Asked about the case, the ombudsman said it chased Clarion over the compensation in early January after the four-week deadline had been missed.
Three months later, in April, Clarion told the dispute resolution service it had paid the compensation via an offset to the resident’s service charge arrears for January, which is permitted by ombudsman rules, and that it had confirmed this with the resident.
But the resident denied that his account was in arrears or that he ever confirmed receiving the £100 compensation.
The error is believed to have arisen due to confusion about a separate dispute between the resident and Clarion over his service charges.
An email from a senior officer at Clarion to the resident earlier this month confirmed that the £150 paid was for the ombudsman order from 30 November 2020.
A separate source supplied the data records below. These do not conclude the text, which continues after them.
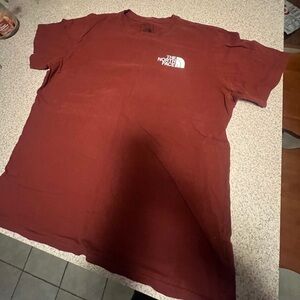 Maroon North Face Tshirt L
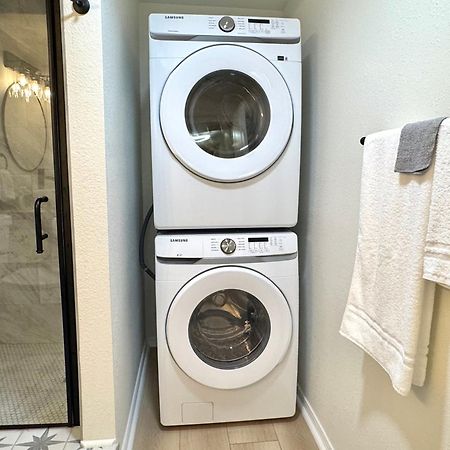 Upgraded Suite - Easy Access To Uptown #N29 Oklahoma City Exteriör bild
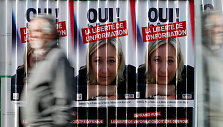 Marine Le Pen turėtų patekti į antrąjį rinkimų turą
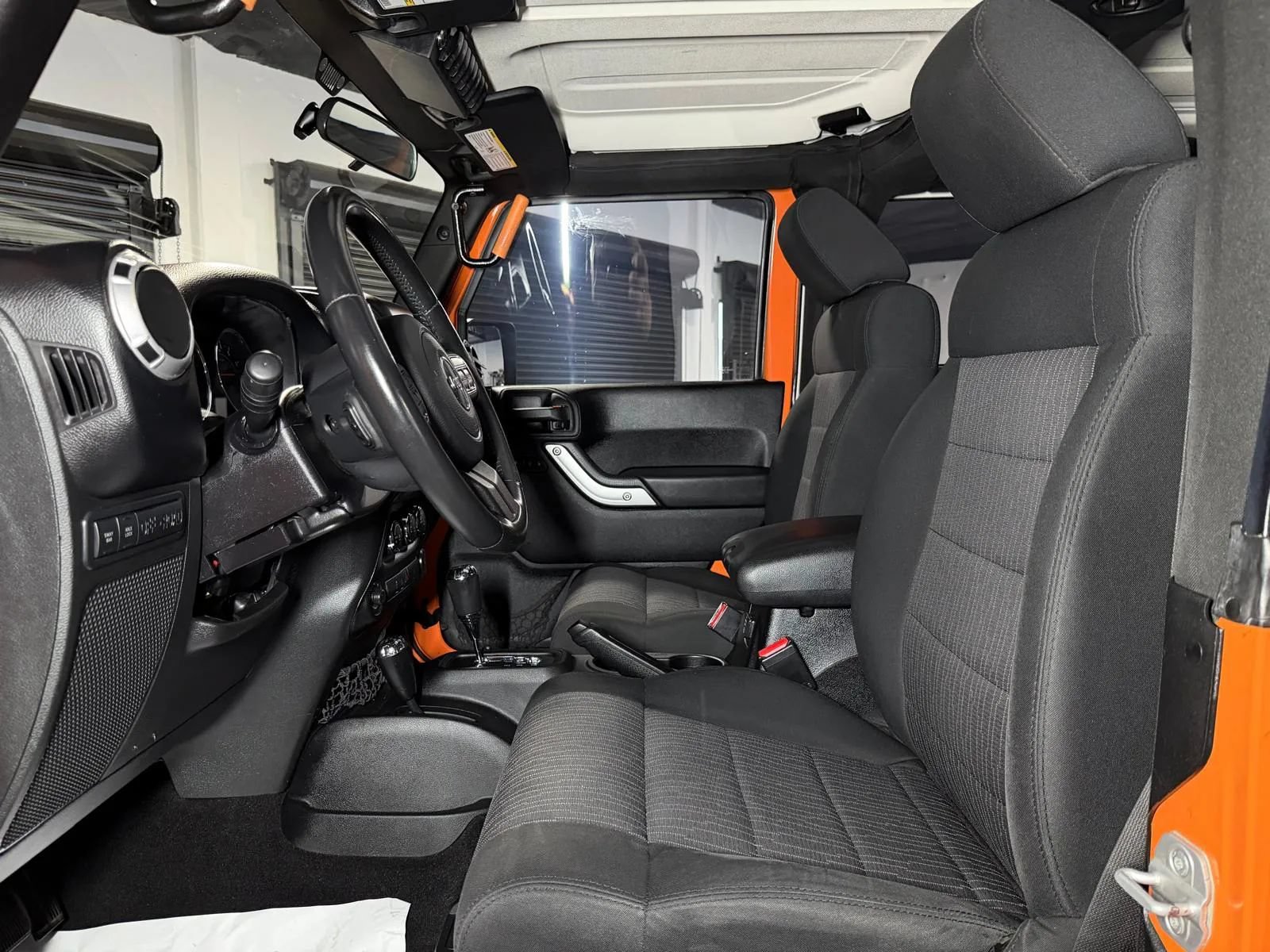 Used 2012 Jeep Wrangler Rubicon w/ PWR Convenience Group AWD/4WD image 23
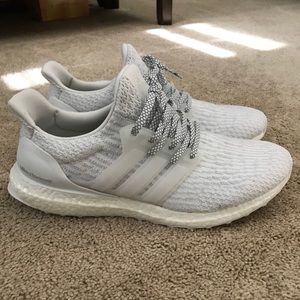 Triple white 3.0 ultra boosts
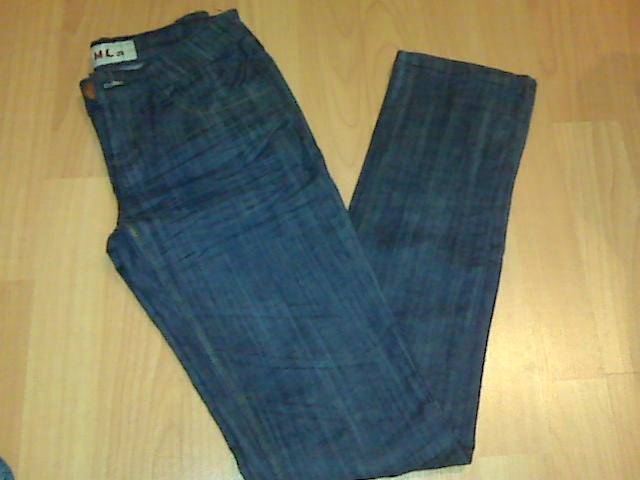 SKINNIES - SKINNY JEAN - SEXY AND STYLISH - SIZE: 26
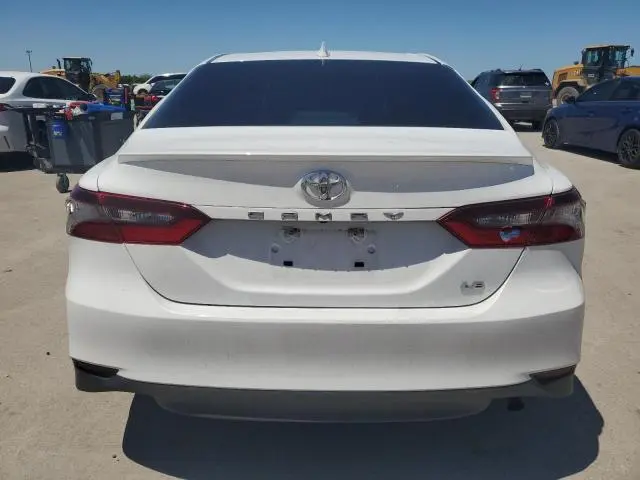 2022 TOYOTA CAMRY LE  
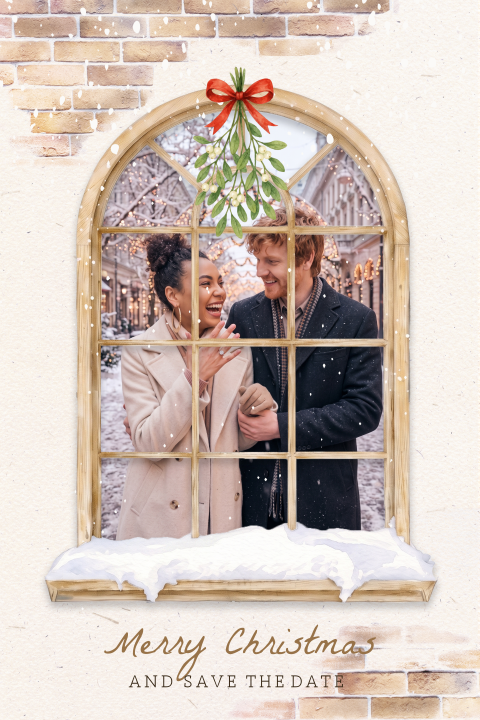 Weihnachtliche Save the Date Karte mit Foto im winterlichen Fenster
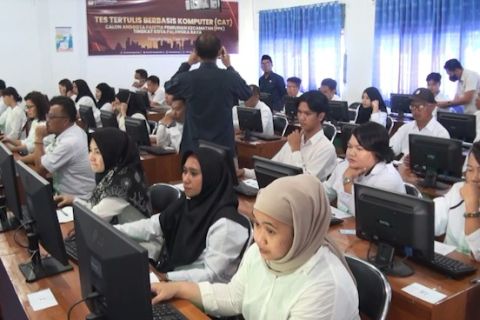 Ratusan orang ikuti tes calon anggota PPK di Ambon dan Palangka Raya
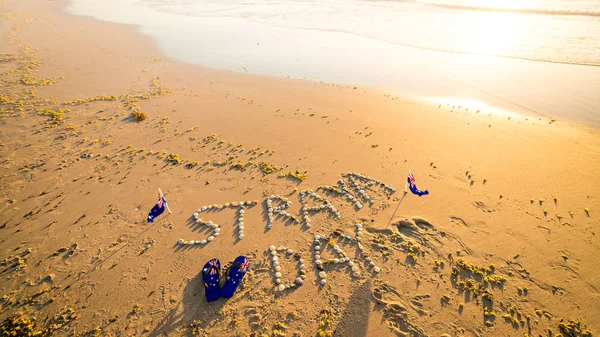 Straya text, vlajky a řemínky na pláži — Stock fotografie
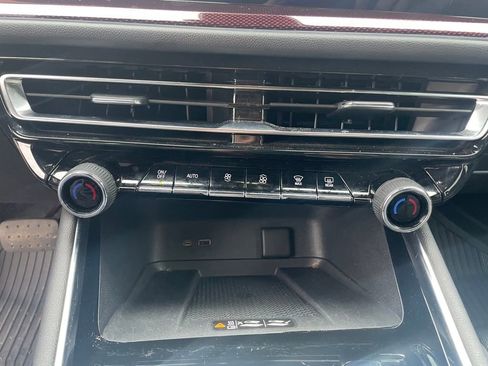 Used 2024 Chevrolet Traverse RS image 17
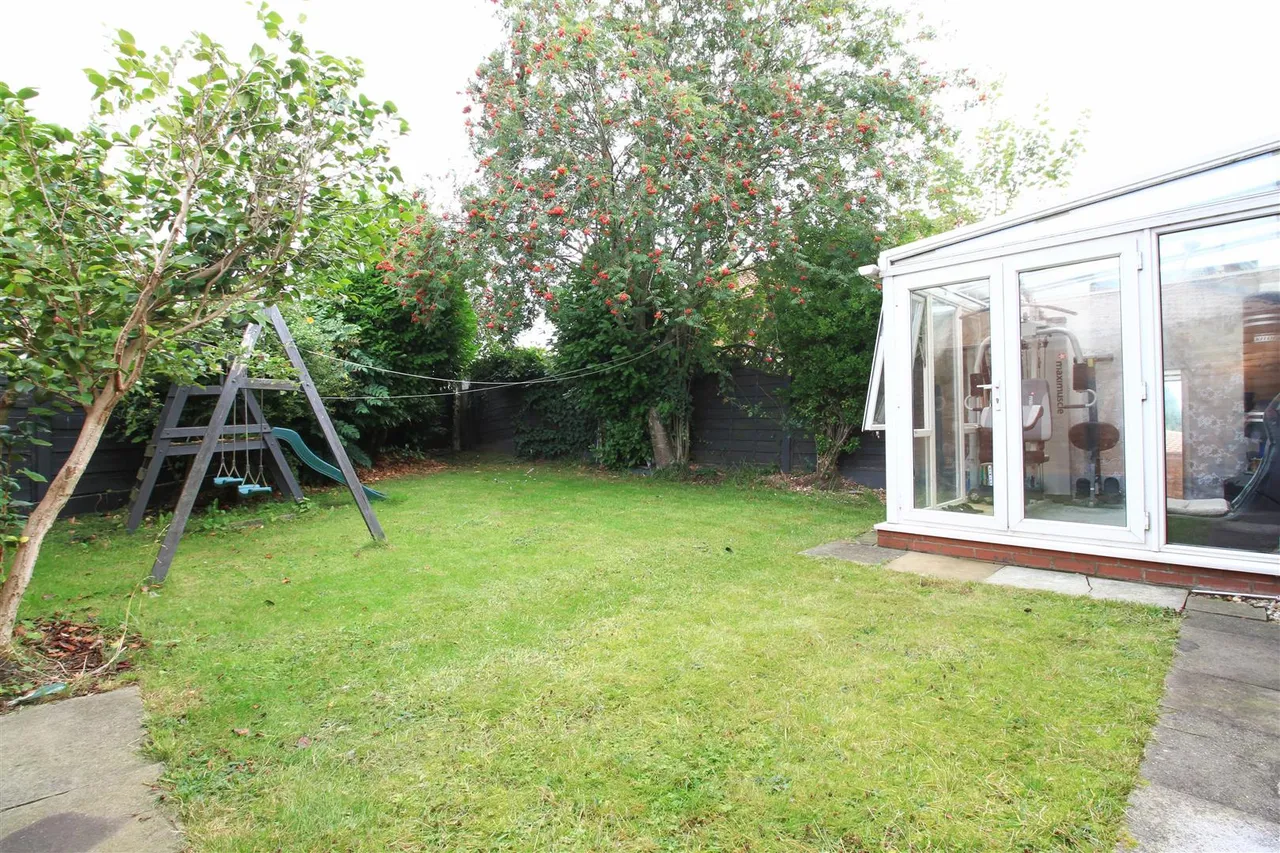Sarnesfield Close, Manchester, photo 22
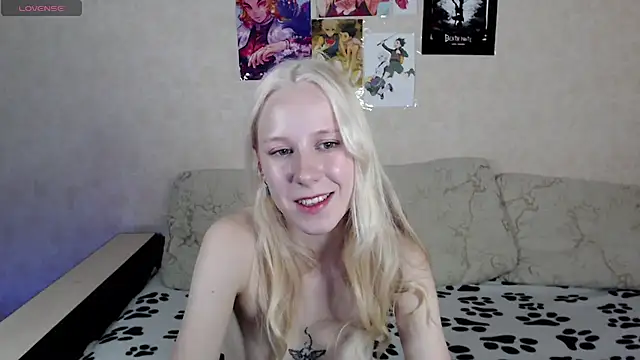 Mary Kitty88 online show from 5, 2, 2025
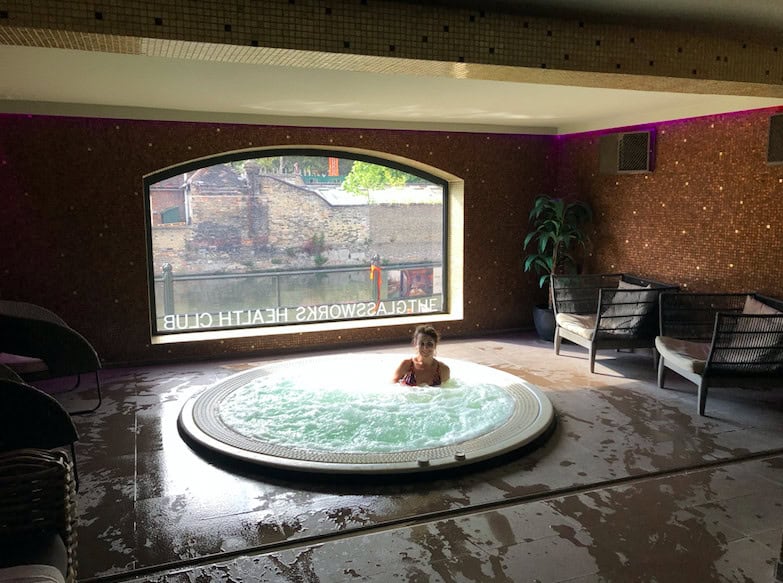 Luxe Bible Reviews The Varsity Hotel & Spa, Cambridge: Jacuzzi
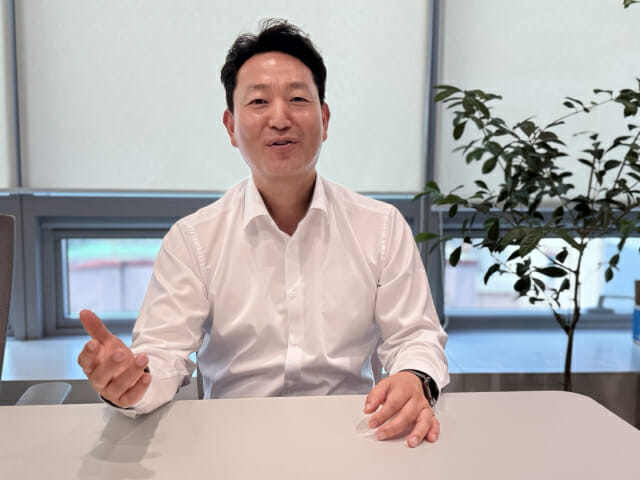 웰컴저축은행 권영관 AICT본부장이 인터뷰에서 답변하고 있다.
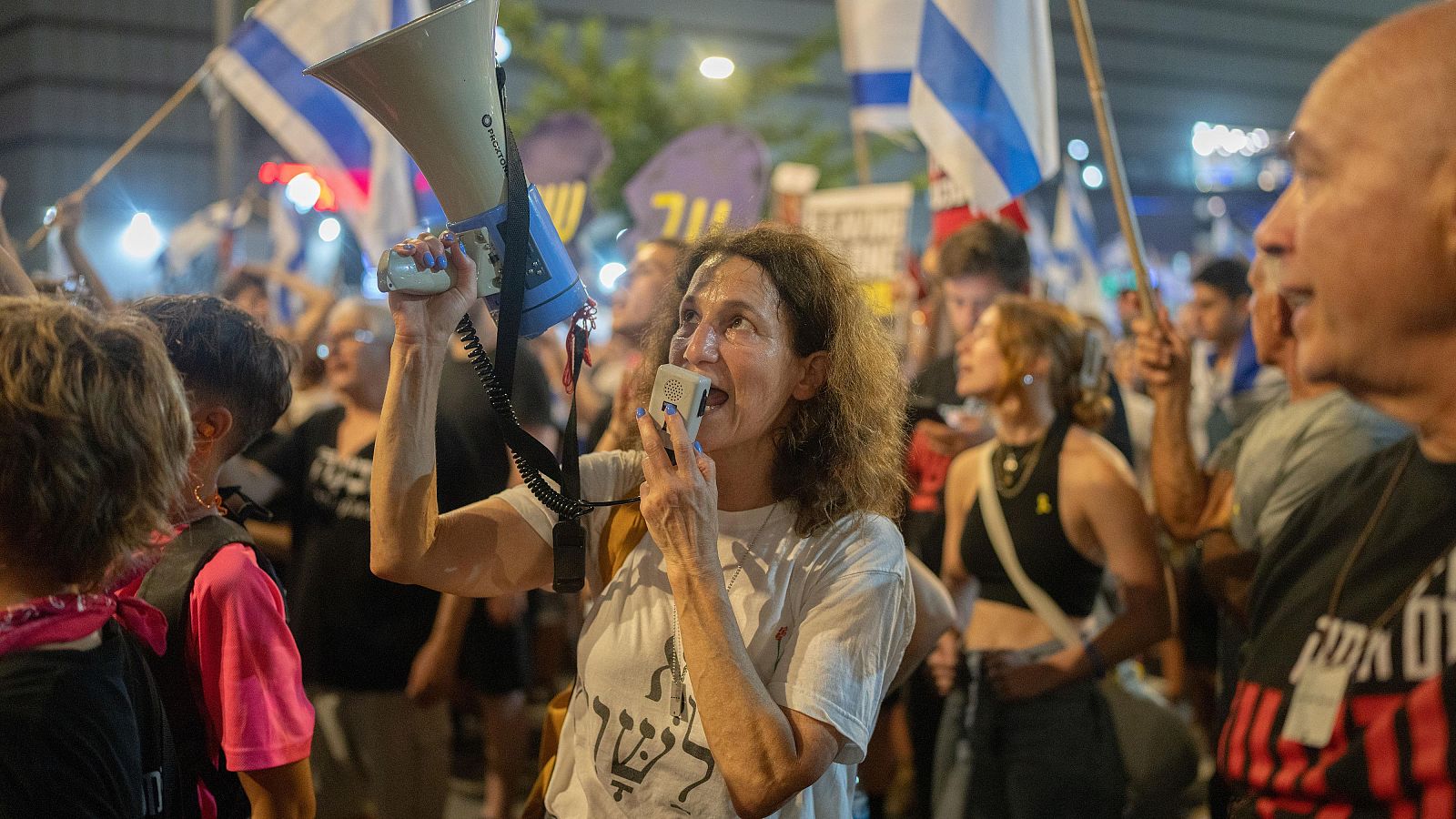 Cientos de manifestantes en Israel exigen la liberación de los rehenes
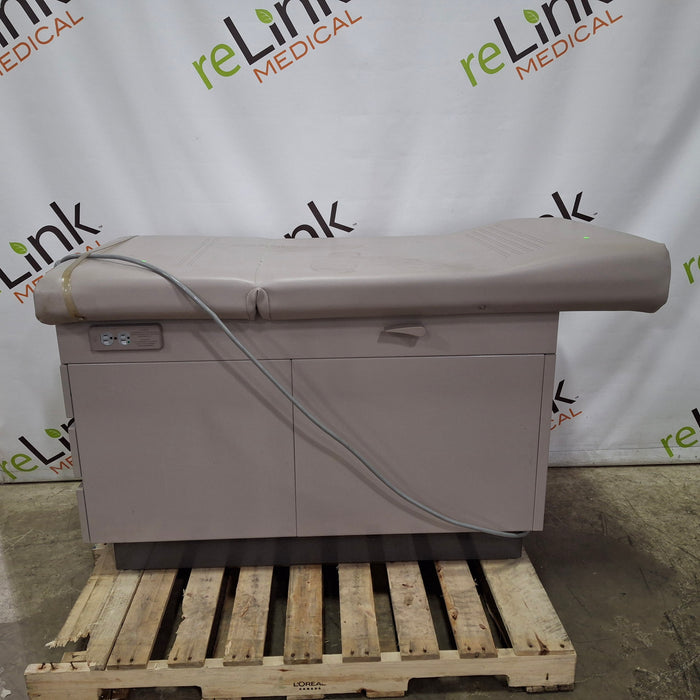 Ritter 104 Exam Table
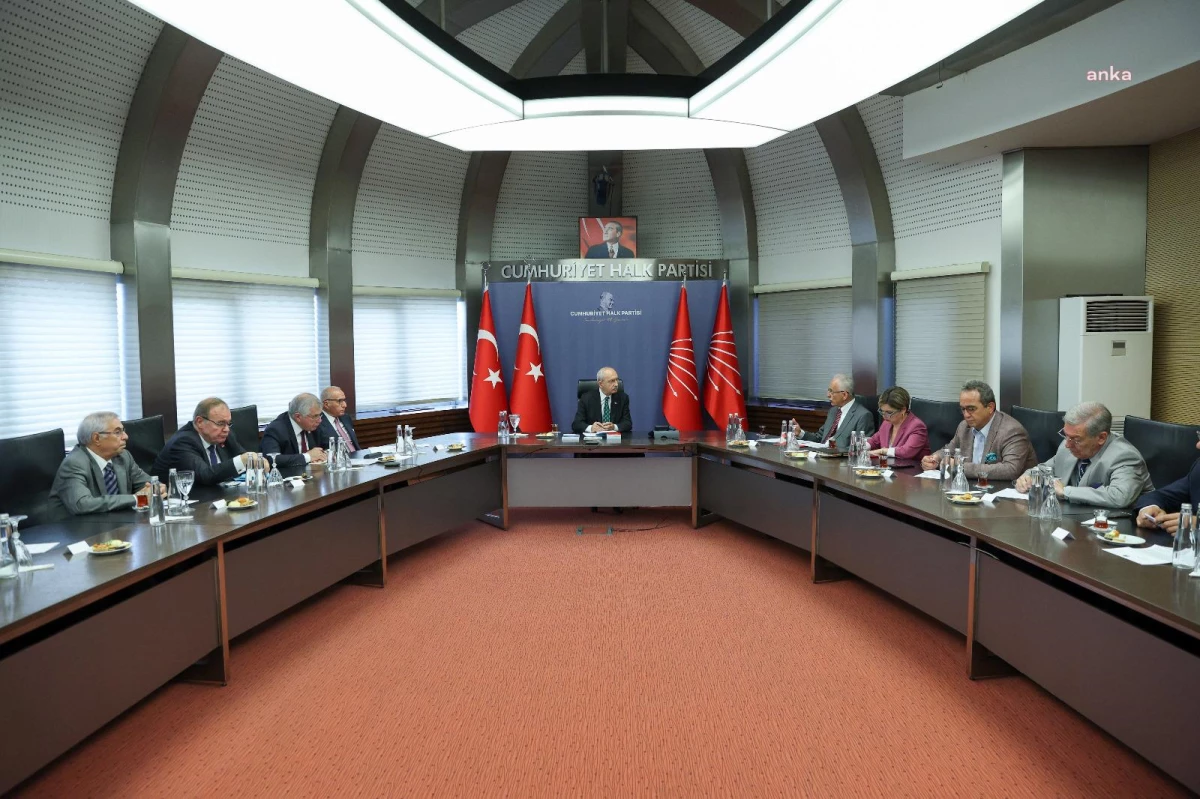 CHP Dış Politika Danışma Kurulu\'nda, NATO Zirvesi ve Türkiye-Yunanistan İlişkileri Ele Alındı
Neither Clarion nor the ombudsman denied to Inside Housing that the landlord had been wrong when it told the service in April that the compensation order had been fulfilled.
The resident also claimed that he had chased the ombudsman over the issue without receiving a response.
The ombudsman said it had no further comment.
Janice Howard, the councillor at Merton Council who intervened on the resident’s behalf, said: “Clarion Housing has let many residents down in their properties across Merton.
“It is unbelievable that I had to chase them to pay the monies due to my resident and that they were trying to pay him less than the ombudsman had awarded.”
This month, Clarion apologised to residents after ITV News reported on squalid conditions at one of its estates in Mitcham, which is also in Merton.
The association, which is the largest in the UK, took on 9,000 homes from Merton Council through a stock transfer in 2010.
A spokesperson for Clarion Housing Group said: “We have apologised to [the resident] for the delay in transferring the money owed to him.
“This has taken longer than it should have done to resolve, but we can confirm [the resident] has now received the original sum requested by the ombudsman and additional compensation from Clarion.”
The Housing Ombudsman has recently gained prominence through a new, tougher scheme and is set to play a key role in the government’s vision for an overhauled consumer regulation system for the sector, set out in the Social Housing White Paper.
In 2019/20, 96% of ombudsman orders were complied with inside three months, while 99% were fulfilled within six months.
Clarion complied with 96.5% within three months and 99.4% within six months, slightly above the average.
It was ordered to pay out £32,634.09 in total compensation – nearly £14,000 more than any other landlord.
A recent report by the ombudsman revealed that the number of complaints received by the service increased 73% between January and March this year compared with the same period in 2020.